【2025 SheBelieves Cup】アメリカ女子代表 1-2 日本女子代表(日本時間2月27日/スナップドラゴン・スタジアム)
なでしこジャパン(サッカー日本女子代表)のDF熊谷紗希が、頭から流血した直後にもかかわらず決死のヘディングクリア。ファンの心を打った。
なでしこジャパンは日本時間2月27日、「2025 SheBelieves Cup」(アメリカ開催の4か国対抗戦)の第3戦でアメリカ女子代表と対戦し、MF籾木結花とDF古賀塔子がゴールを決め2ー1で勝利。FIFAランキング1位の世界女王アメリカに勝つのは実に14試合ぶり、41試合で2勝目、敵地での勝利は史上初、そして大会初優勝とまさに歴史的な快挙となった。
第1戦はアンカーだった熊谷は、この第3戦でキャプテンマークを巻いてCBとして先発。日本の守備を統率したが、62分にアクシデントに見舞われた。自陣ゴール前でMFリンジー・ヒープスと競り合った際に側頭部を負傷。頭からかなりの血を流しており、実況の瀬﨑一耀氏は「ヒープスの歯が入ってしまったのかもしれません」と伝えていた。
熊谷の出血はなかなか止まらず、ドクターに付き添われてピッチ脇で治療が続けられる。約6分間に渡る治療の結果、熊谷は頭にテーピングをぐるぐる巻きにしてピッチに戻ってきた。すると試合終盤の84分、決死のディフェンスを見せた。
押し込まれたなでしこジャパンは、左サイドのFWアリッサ・トンプソンからクロスを入れられる。ボールの先にいたのは、またもヒープス。しかし、再び熊谷が鋭く寄せて身体を投げ出し、ダイビングヘッドでボールを弾き返す。頭部から流血した直後にもかかわらず、まったく恐れを感じさせない魂のディフェンスだった。
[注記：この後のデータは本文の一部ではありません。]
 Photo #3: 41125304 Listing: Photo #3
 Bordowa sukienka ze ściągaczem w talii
この胸熱プレーには、ABEMA視聴者も大興奮。コメント欄には「魂のクリア」「やり返した」「熊谷ほんまようやっとる」「熊谷よう寄せたわ」「勇敢」「タフすぎる」「すごいクリア」など称賛の声が書き込まれた。また、SNSでも熊谷の闘志に反応する声は多く、「熊谷、ヘディングでクリアって、大丈夫かよ……」「熊谷選手が闘将すぎる!」「熊谷さん身体張りすぎ」「ヒープス選手対熊谷さん、見応えありすぎ」などのコメントが見られた。
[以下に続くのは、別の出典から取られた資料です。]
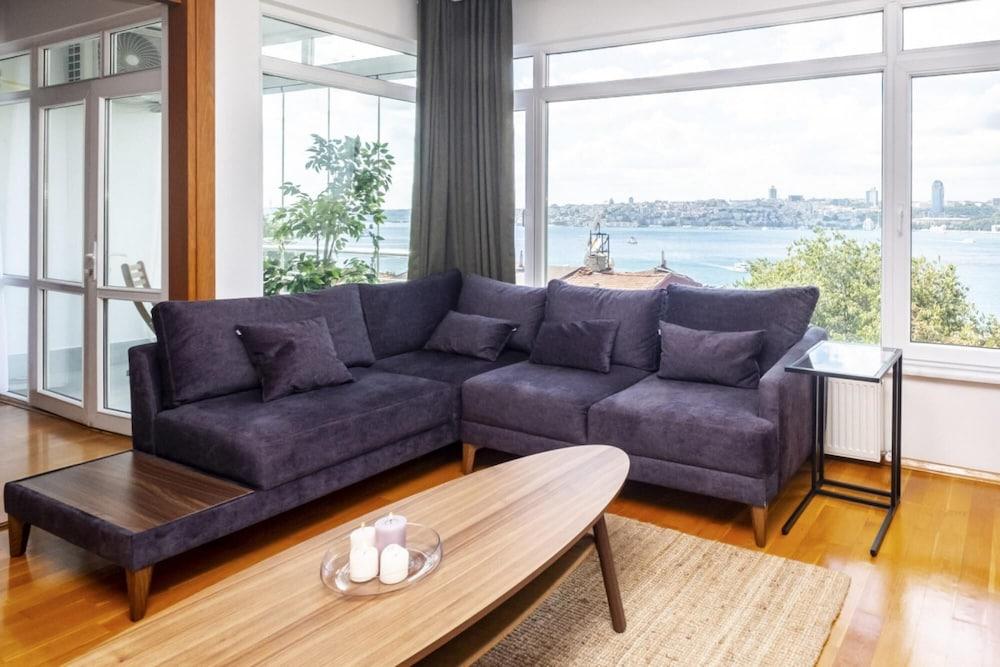Missafir Apartment With a Panoramic Bosphorus View - Featured Image
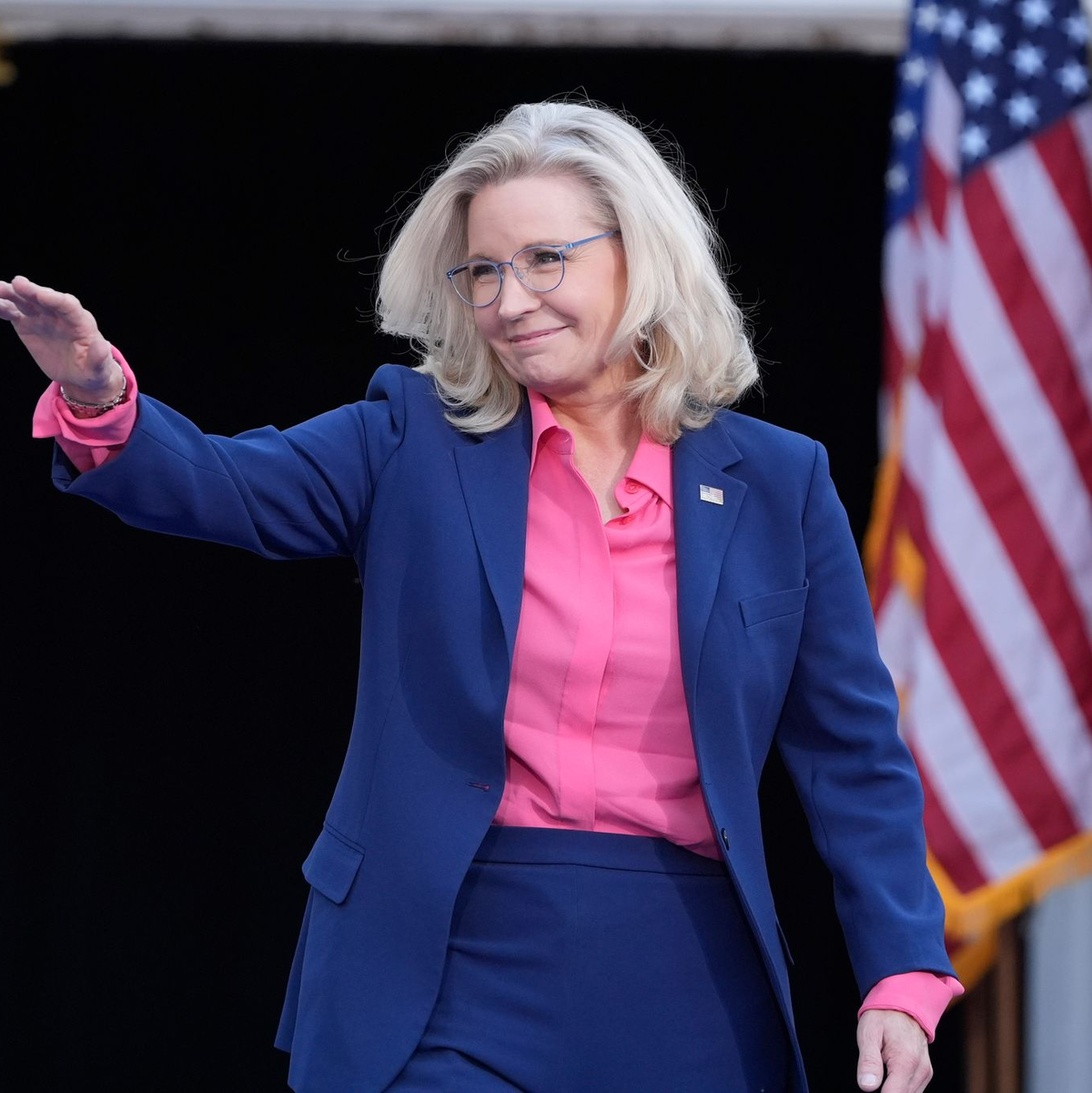 Liz Cheney stärkt der Demokratin Harris im Wahlkampf den Rücken. (Archivbild) - Foto: Mark Schiefelbein/AP/dpa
直後に血が止まったことを確認して包帯も取った熊谷の魂のディフェンスもあり、アメリカの猛攻に最後まで耐えたなでしこジャパンは、過去の対戦で1勝8分31敗と大きく負け越していた世界女王から実に13年ぶりの勝利を挙げた。
試合後、選手を代表して中継インタビューに応じた熊谷は、スタジオで解説を務めたなでしこジャパンの元同僚・岩渕真奈氏から「熊谷選手お疲れ様です。まずは頭の怪我は大丈夫ですか?」という質問が飛んだ。すると熊谷は笑みを浮かべて「包帯で出てきた時は岩渕さん、笑ったと思いますけど大丈夫です」と返し、2人の仲の良さが垣間見える一幕となった。
続けて岩渕氏に「長年アメリカと戦ってきた熊谷選手にとっても、新生なでしこにとっても、価値ある勝利だったと思います。試合を振り返っていかがですか?」と問われると、熊谷は「監督から『恐れずに戦う』と今大会はすごく言われていて、そういうところを試合中に出せた」と相手の良さを消し、金星を挙げることのできた背景を語った。
さらに「優勝という最高のスタートになりましたが、今後はどんななでしこジャパンを見せていきたいですか?」と聞かれると熊谷は、「初めて新監督(ニルス・ニールセン)と戦って、タイトルを取れたことはすごく大きなこと」とコメント。そして、「だけど、まだまだだと思っています。この優勝を良い自信にして、個々が自チームで(活躍をして)、世界で戦えるもっともっと強いなでしこを見せられるようにしていきたい」と、早くも先を見据えていた。
キャプテンマークは第1戦でMF長谷川唯、第2戦でDF南萌華が巻いた通り中堅がリーダーシップを発揮するまでに成長し、さらにDF古賀、MF浜野まいか、MF谷川萌々子など若手の活躍も目立った今大会。しかし、魂のディフェンスで守備を支えた34歳の熊谷、4ゴール・3アシストで大会得点王とMVPをダブル受賞した30歳の田中美南など、ベテランたちも健在ぶりを示す大会にもなった。